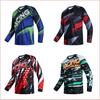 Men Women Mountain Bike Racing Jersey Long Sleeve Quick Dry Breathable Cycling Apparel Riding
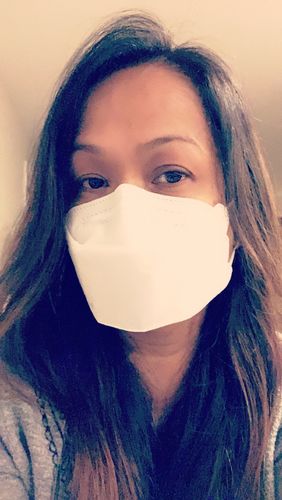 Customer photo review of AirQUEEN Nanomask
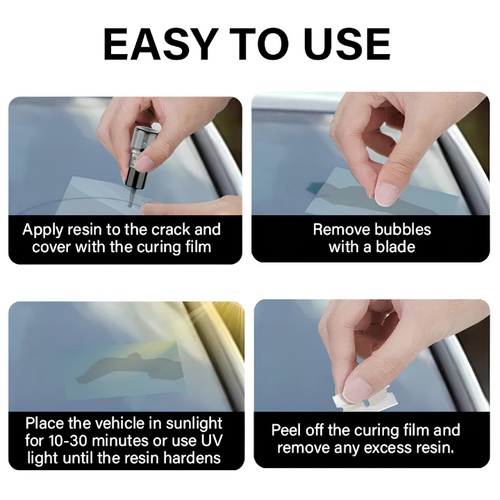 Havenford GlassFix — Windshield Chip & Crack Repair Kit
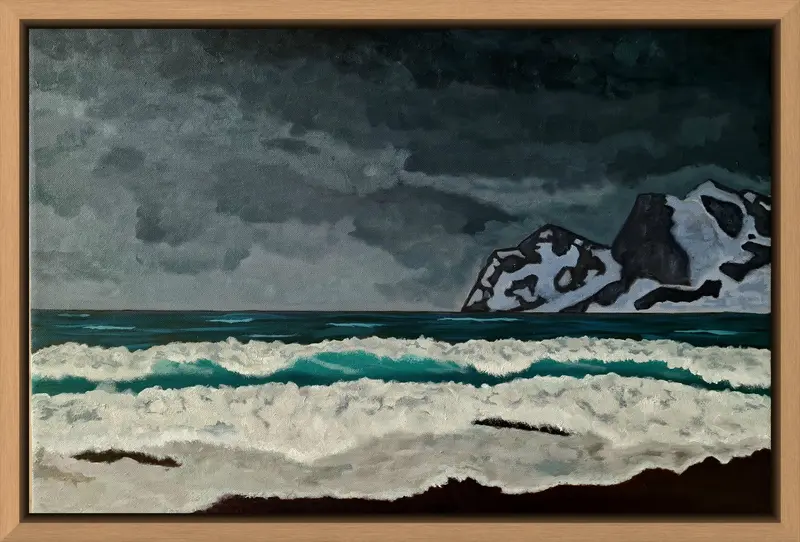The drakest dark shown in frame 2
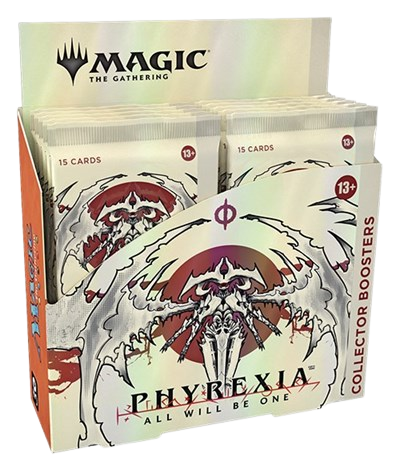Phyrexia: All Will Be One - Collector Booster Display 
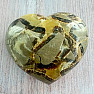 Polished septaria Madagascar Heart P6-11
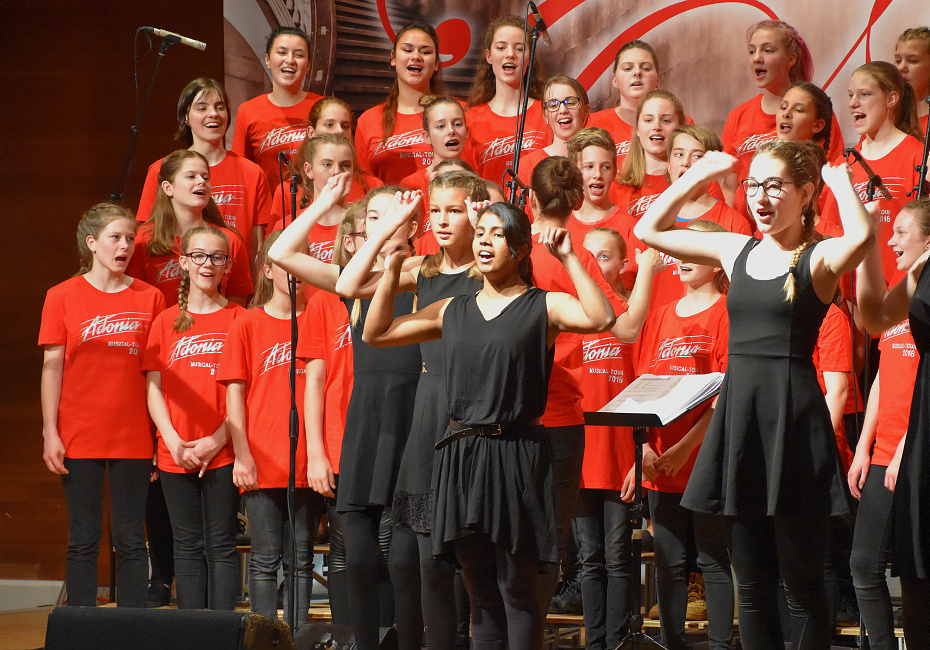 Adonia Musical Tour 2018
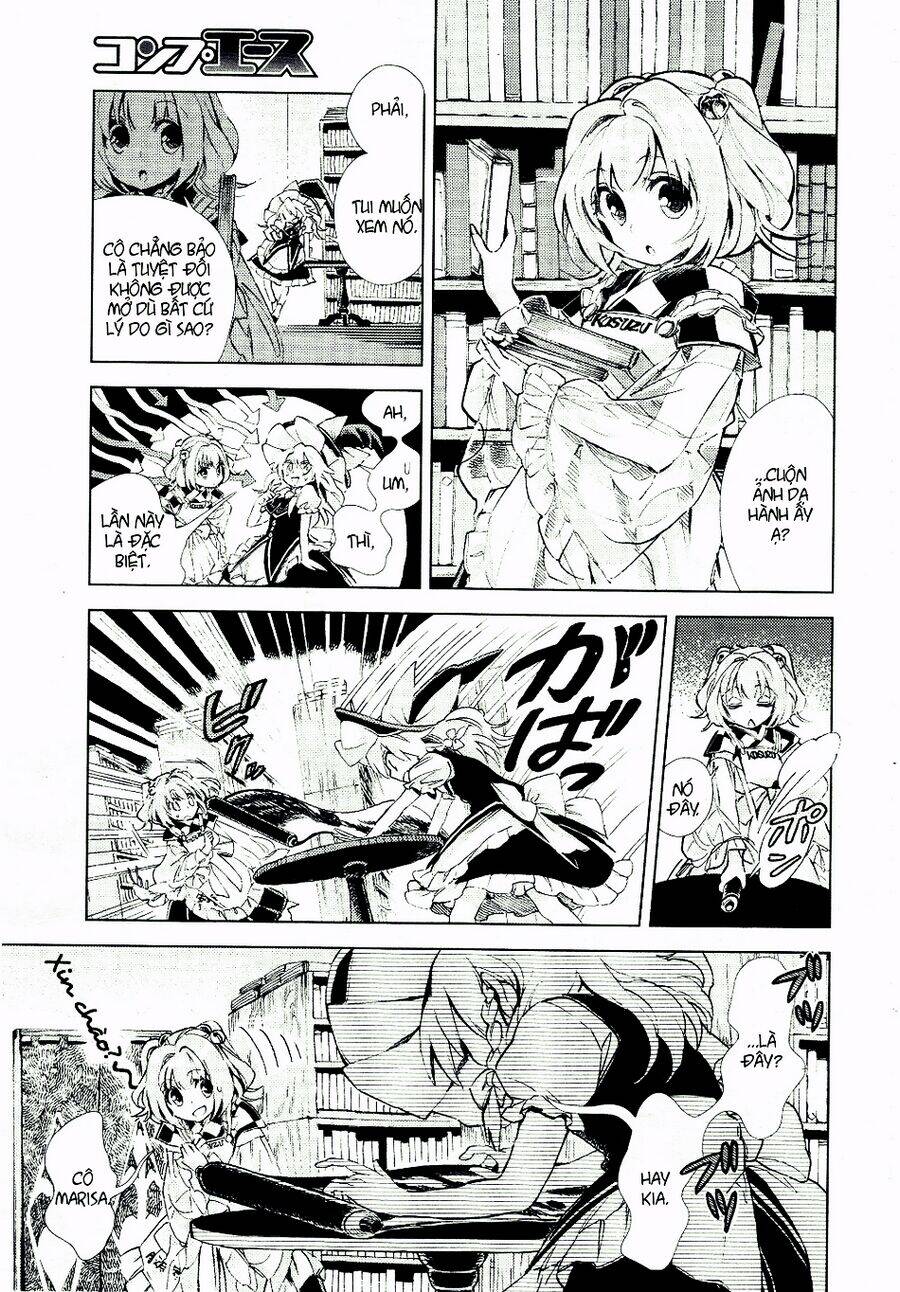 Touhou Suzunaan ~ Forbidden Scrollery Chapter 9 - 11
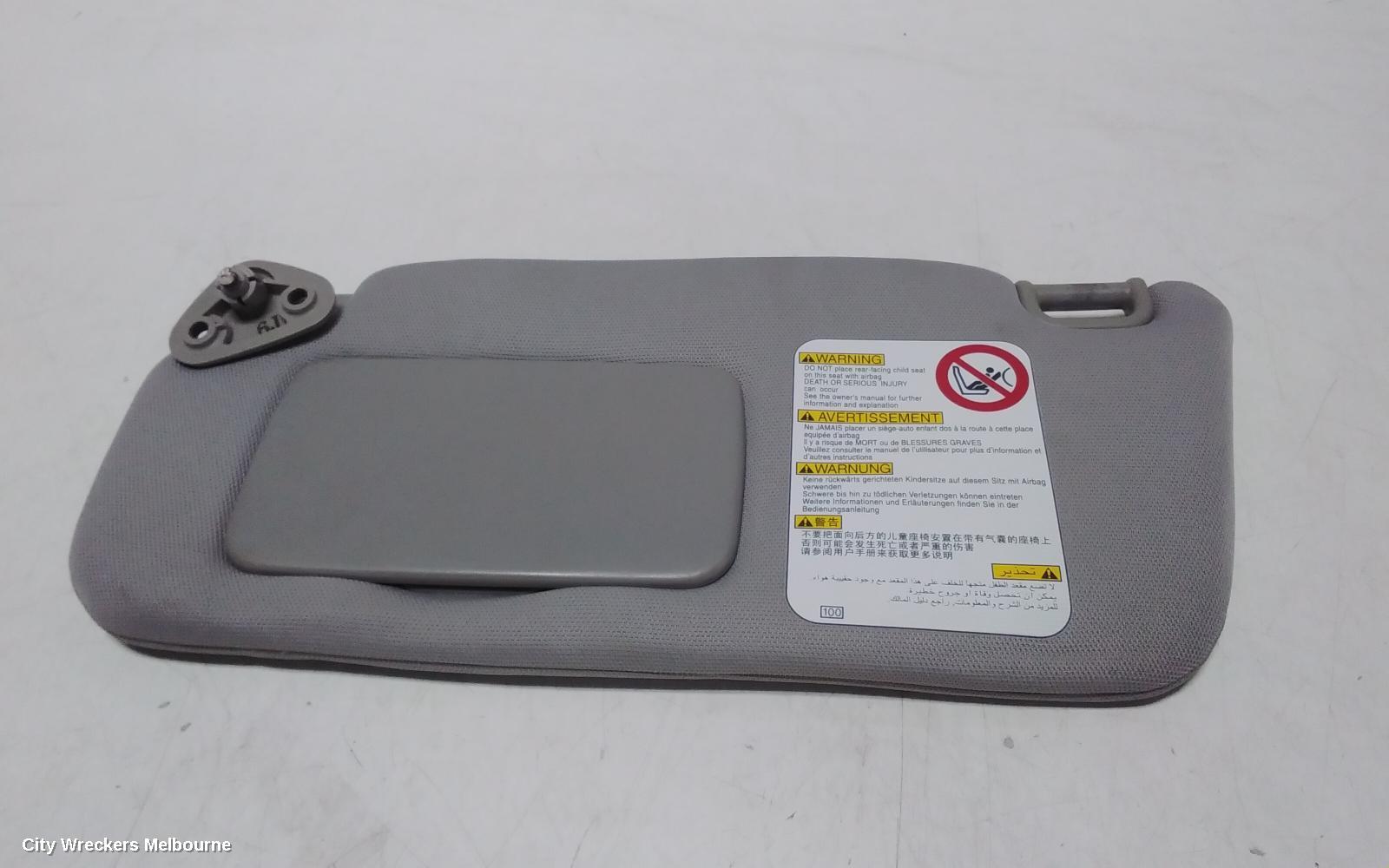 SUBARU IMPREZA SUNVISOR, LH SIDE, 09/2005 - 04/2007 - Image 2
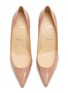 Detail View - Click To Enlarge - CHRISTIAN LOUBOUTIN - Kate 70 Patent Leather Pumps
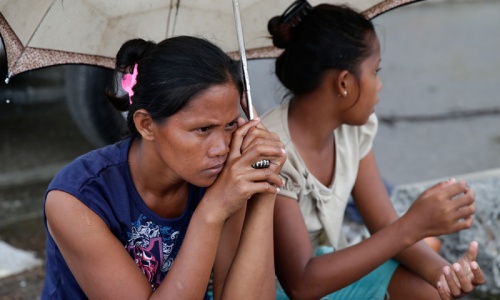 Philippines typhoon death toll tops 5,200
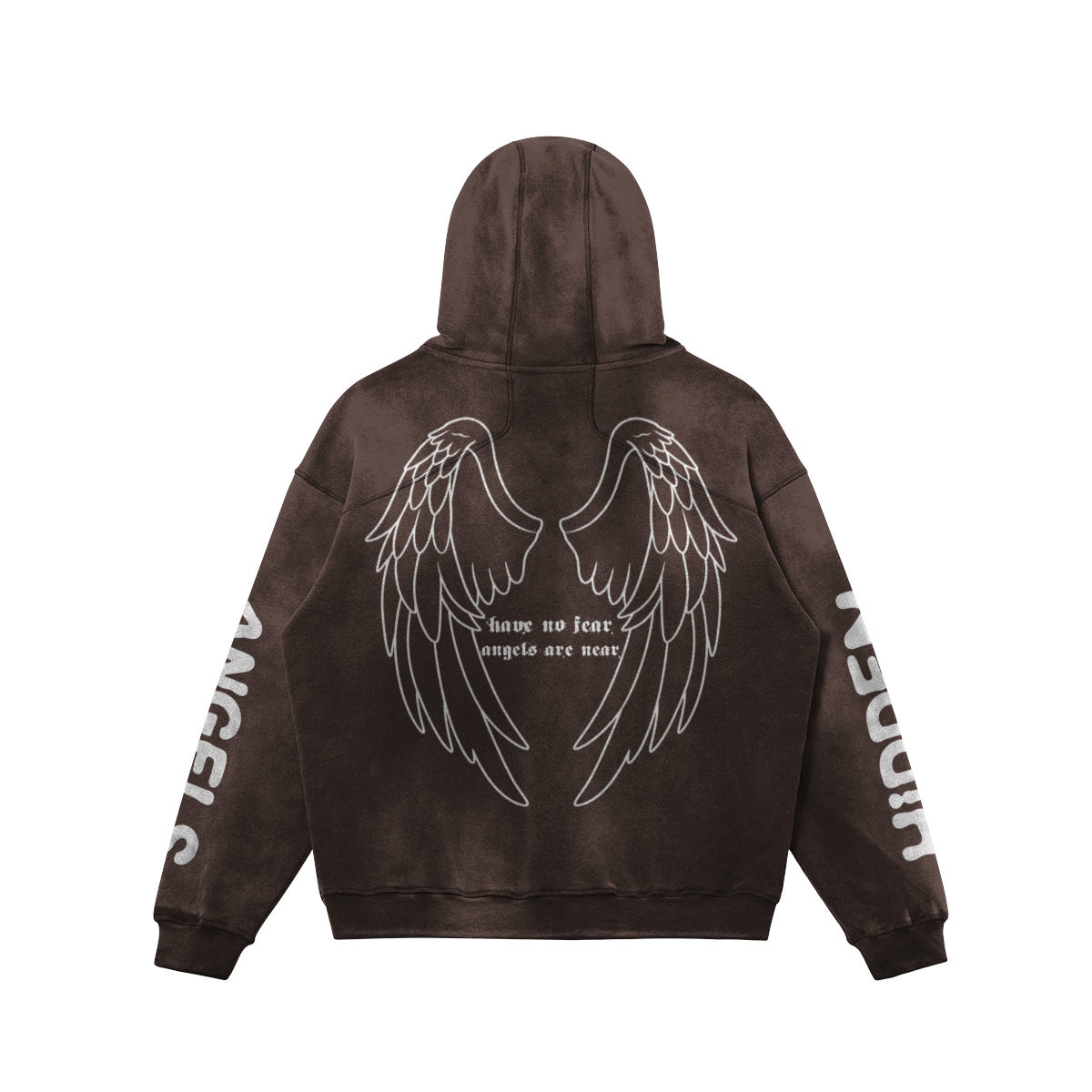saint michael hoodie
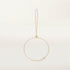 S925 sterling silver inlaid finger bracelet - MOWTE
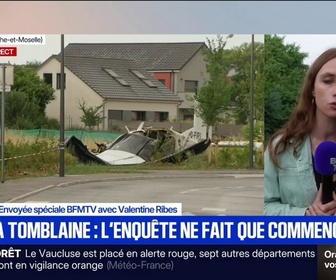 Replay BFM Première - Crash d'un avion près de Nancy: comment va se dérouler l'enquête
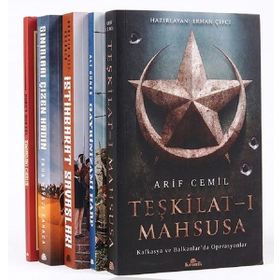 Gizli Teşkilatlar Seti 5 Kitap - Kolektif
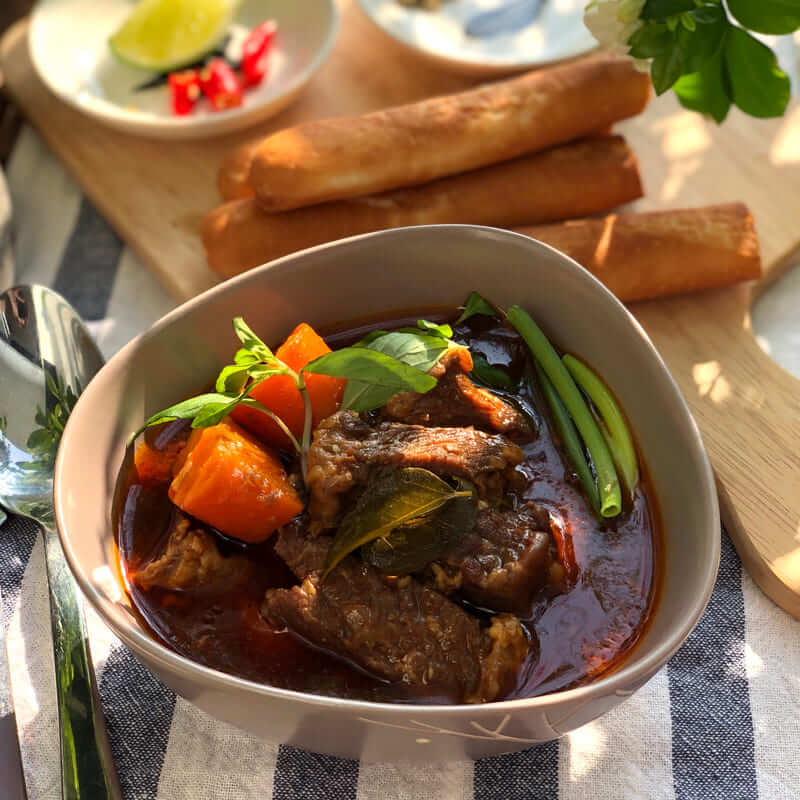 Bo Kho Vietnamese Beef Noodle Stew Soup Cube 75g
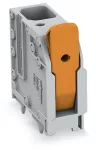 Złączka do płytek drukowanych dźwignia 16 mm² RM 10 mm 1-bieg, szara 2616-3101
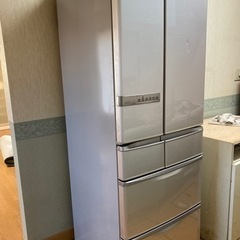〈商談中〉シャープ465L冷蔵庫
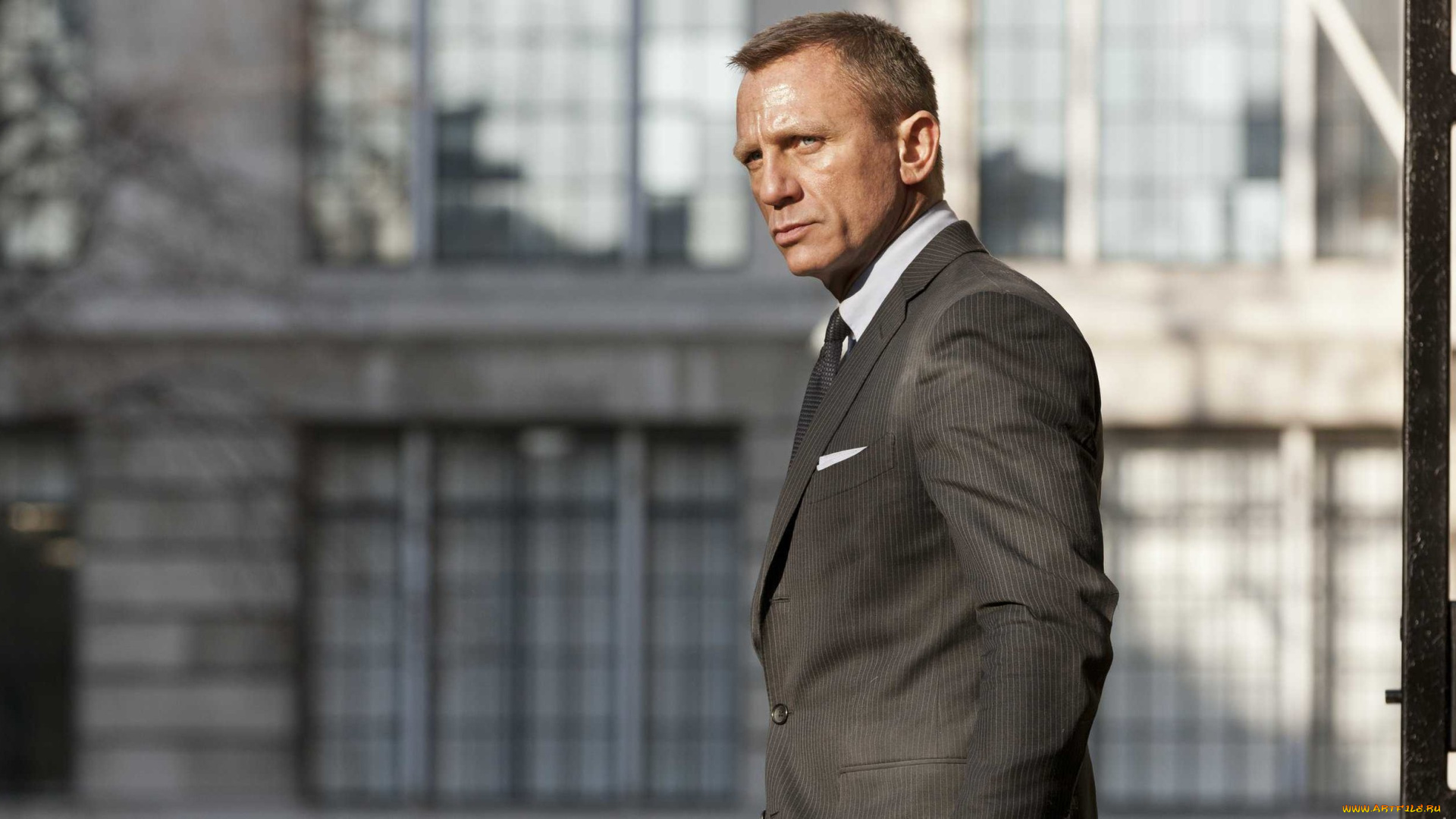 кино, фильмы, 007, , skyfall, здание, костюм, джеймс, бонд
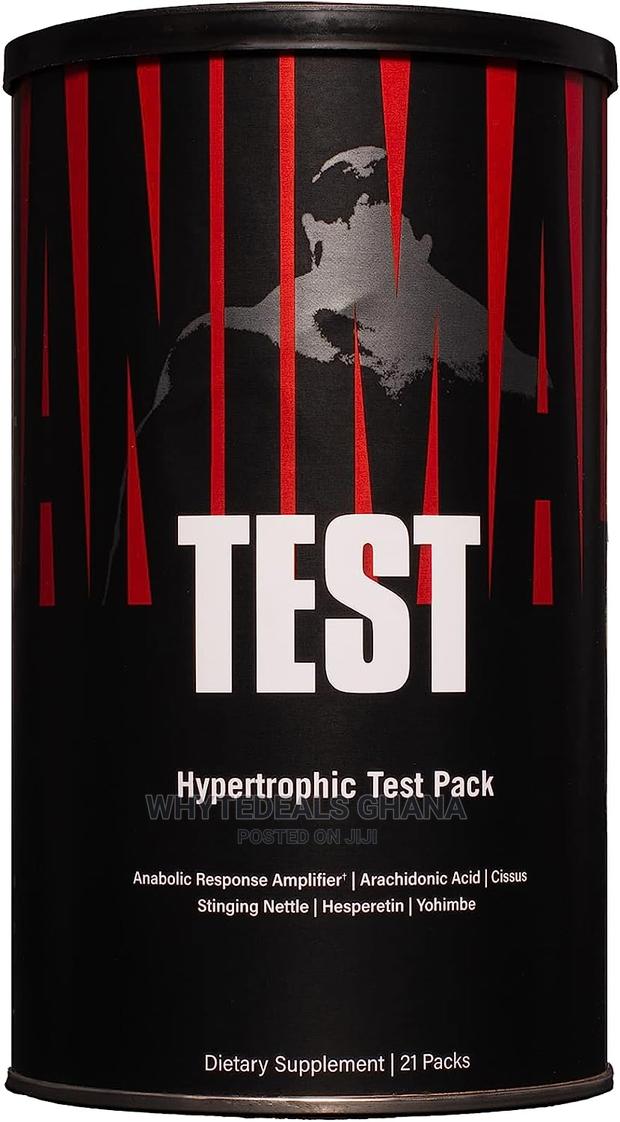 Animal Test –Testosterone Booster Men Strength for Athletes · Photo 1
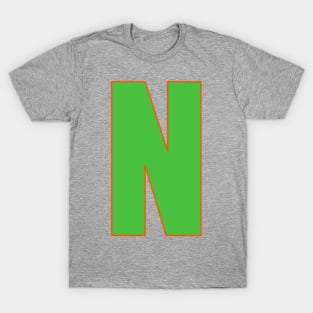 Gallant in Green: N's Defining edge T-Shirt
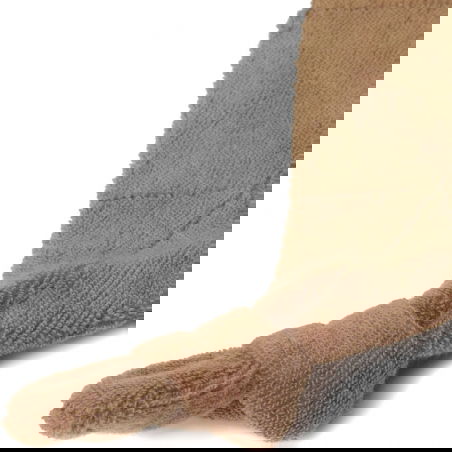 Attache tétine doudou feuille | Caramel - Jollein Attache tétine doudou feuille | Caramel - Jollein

________________________________________

-- What you will do --
What to print is the stretch of entries from the line with "Touhou Suzunaan ~" up to and including the line with "S925 sterling silver". Please print it exactly and leave out the pictures.

-- Result of the exercise --
 Touhou Suzunaan ~ Forbidden Scrollery Chapter 9 - 11
 SUBARU IMPREZA SUNVISOR, LH SIDE, 09/2005 - 04/2007 - Image 2
 Detail View - Click To Enlarge - CHRISTIAN LOUBOUTIN - Kate 70 Patent Leather Pumps
 Philippines typhoon death toll tops 5,200
saint michael hoodie
 S925 sterling silver inlaid finger bracelet - MOWTE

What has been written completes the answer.